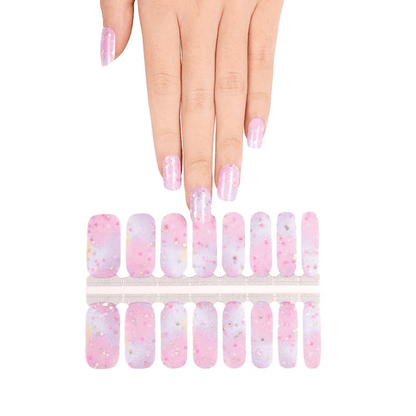 Hand wearing pink blue ombre glitter nail wraps with cosmic nail art pattern sheet
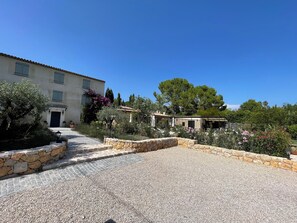 Une cour avec un chemin de gravier menant à un bâtiment doté d’une porte bleue.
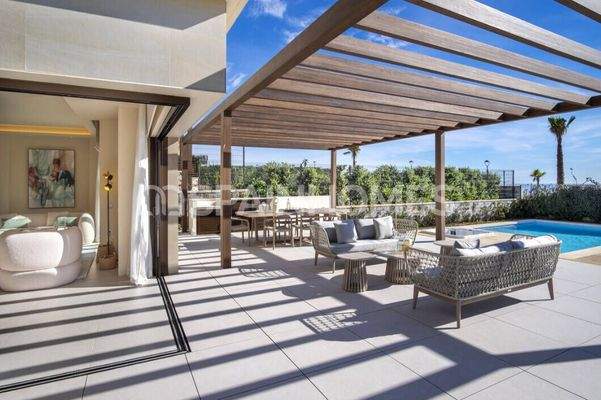 Move-In Ready Beachfront House in a Gated Complex in Marbella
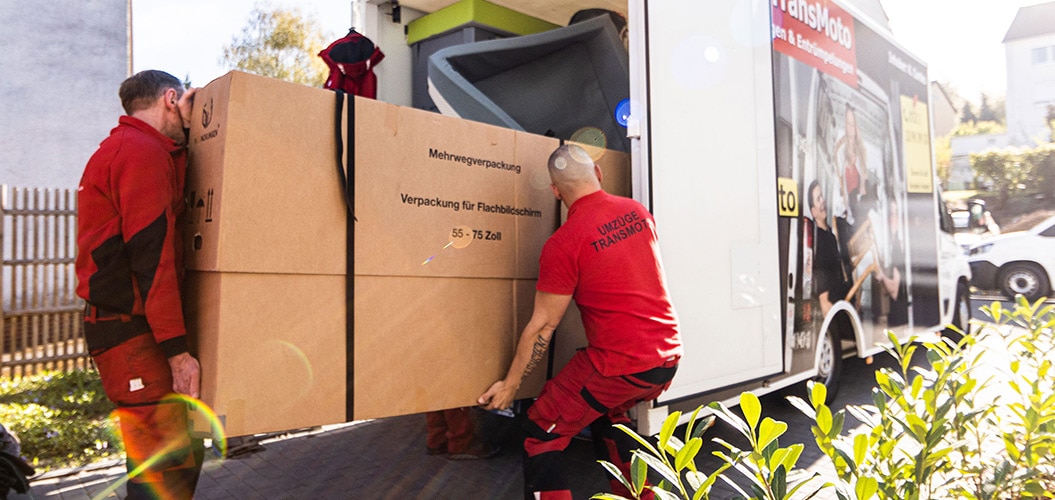 Zwei Möbelpacker laden großen Karton in Umzugswagen
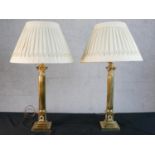 A pair of Classical brass fluted column table lamps with relief laurel wreath motifs on stepped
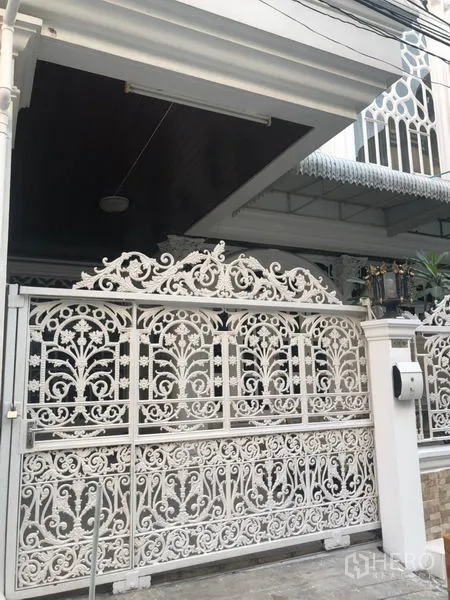 联排别墅 出租在Khlong Toei, Bangkok - 白色锻铁推拉门与带顶车库入口特写。
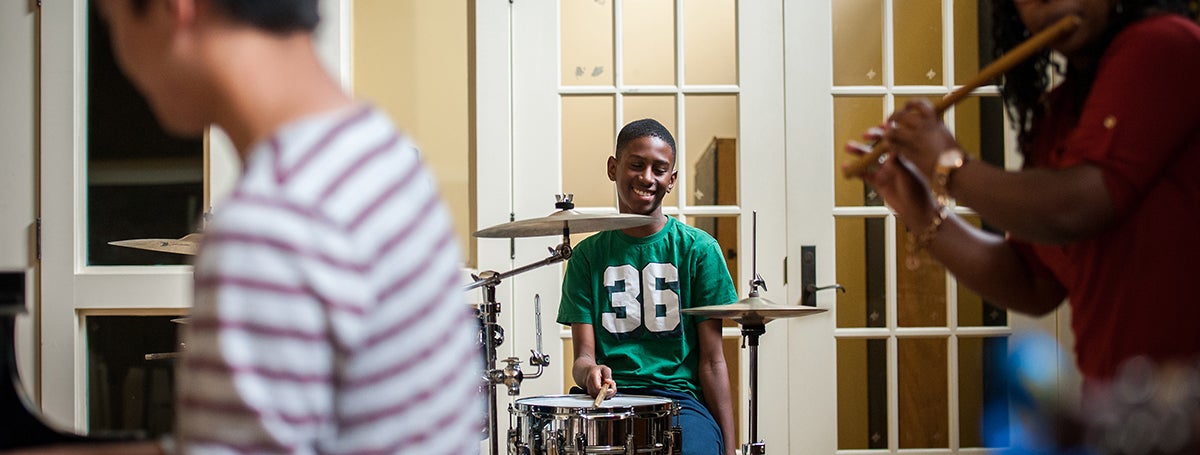 a boy playing a drum set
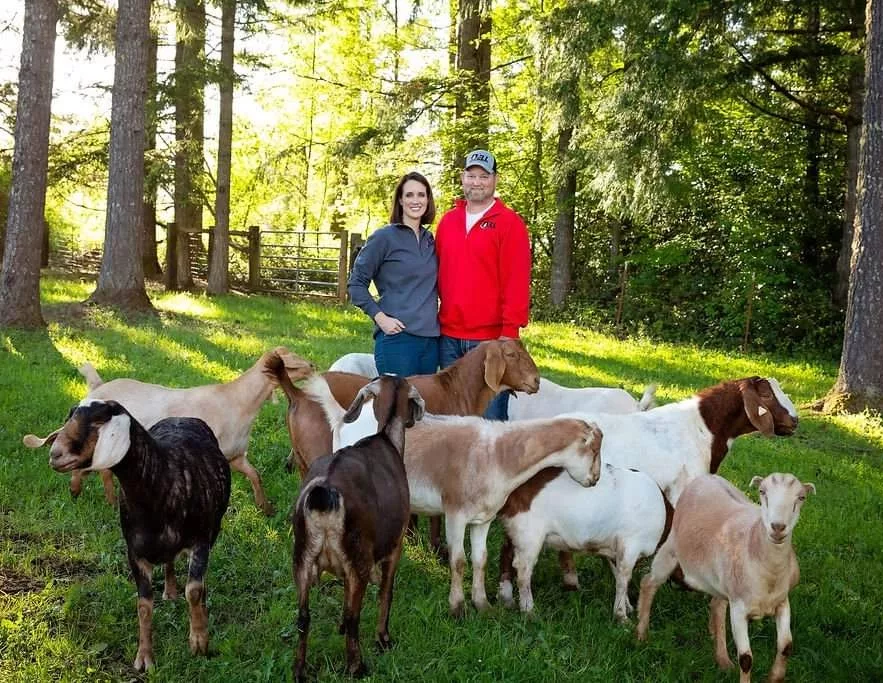 Image of Jill standing with her husband while surrounded by goats. They are standing outsdie on green grass with trees in the background.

········

What you should do.
Please write out exactly the lines from the one holding "Une cour avec" through the last line of the material above, both included, as a copy without pictures.

Task result.
 Une cour avec un chemin de gravier menant à un bâtiment doté d’une porte bleue.
 Move-In Ready Beachfront House in a Gated Complex in Marbella
 Zwei Möbelpacker laden großen Karton in Umzugswagen
 A pair of Classical brass fluted column table lamps with relief laurel wreath motifs on stepped
 联排别墅 出租在Khlong Toei, Bangkok - 白色锻铁推拉门与带顶车库入口特写。
 a boy playing a drum set
 Image of Jill standing with her husband while surrounded by goats. They are standing outsdie on green grass with trees in the background.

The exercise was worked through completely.